■ DATA BLOCK
==================================================

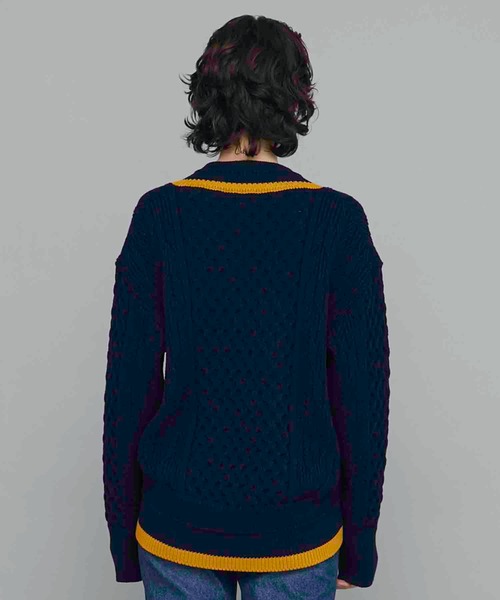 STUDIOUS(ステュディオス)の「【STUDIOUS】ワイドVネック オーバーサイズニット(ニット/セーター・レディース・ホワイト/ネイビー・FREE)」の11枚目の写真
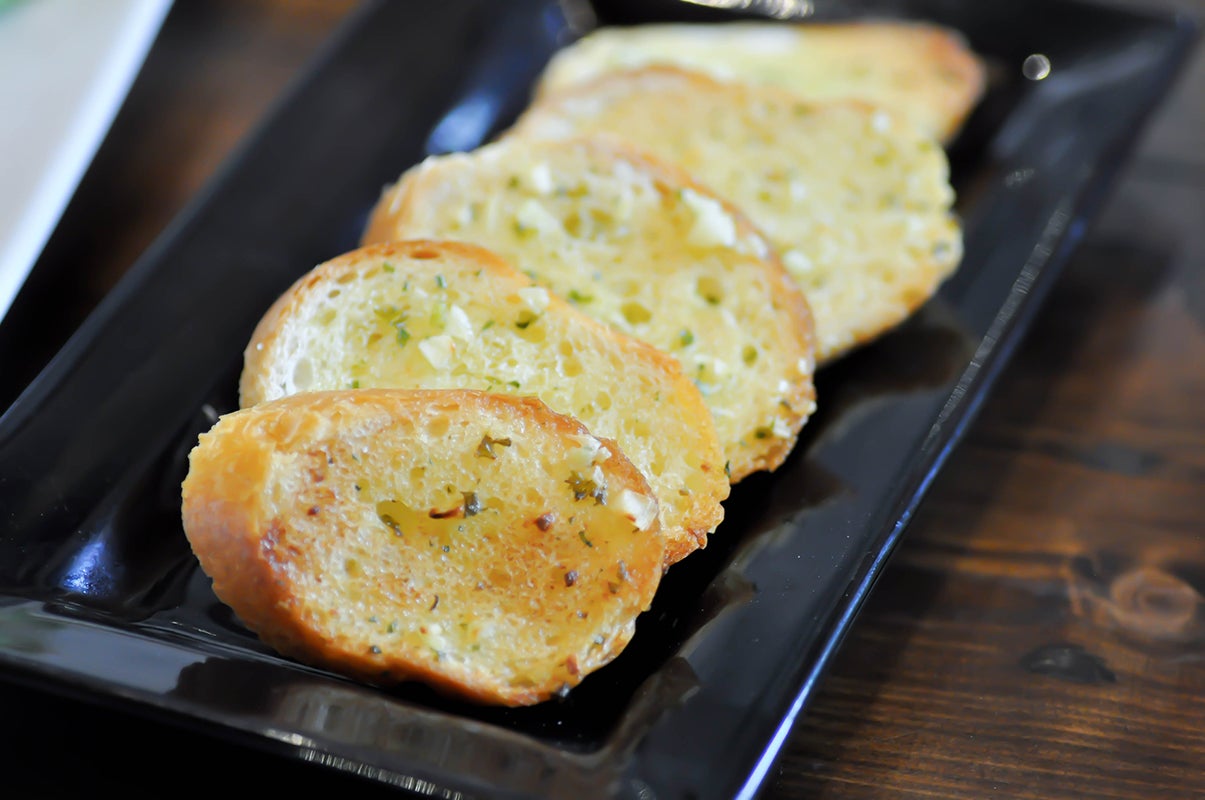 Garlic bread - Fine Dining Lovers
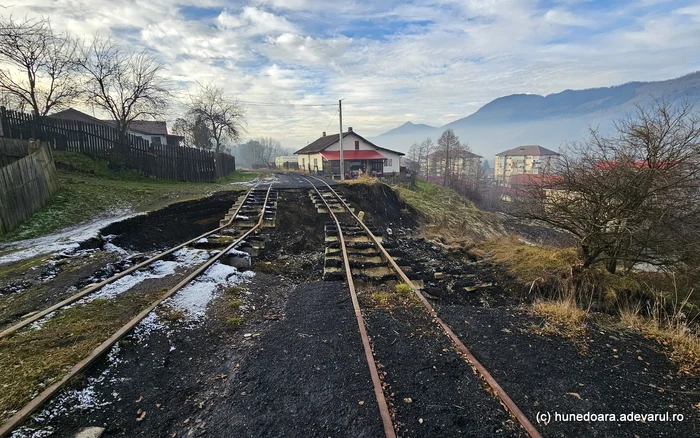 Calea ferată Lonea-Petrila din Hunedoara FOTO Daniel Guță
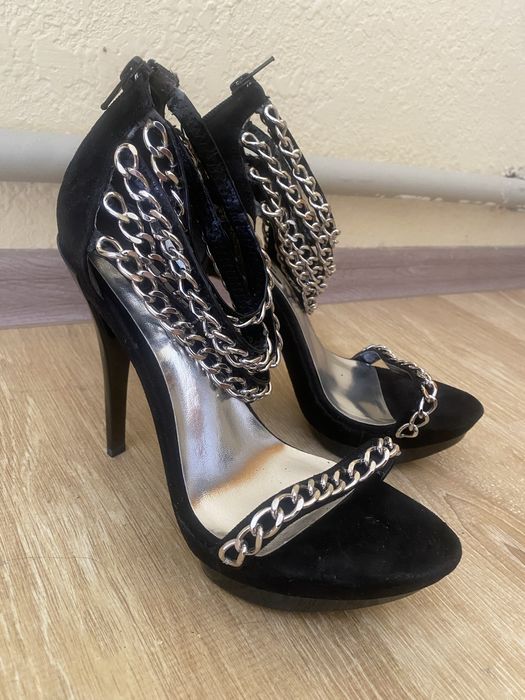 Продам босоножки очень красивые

==================================================

■ BRIEF
Leaving out the images, repeat the listing above exactly.

■ ANSWER SECTION
 STUDIOUS(ステュディオス)の「【STUDIOUS】ワイドVネック オーバーサイズニット(ニット/セーター・レディース・ホワイト/ネイビー・FREE)」の11枚目の写真
 Garlic bread - Fine Dining Lovers
 Calea ferată Lonea-Petrila din Hunedoara FOTO Daniel Guță
 Продам босоножки очень красивые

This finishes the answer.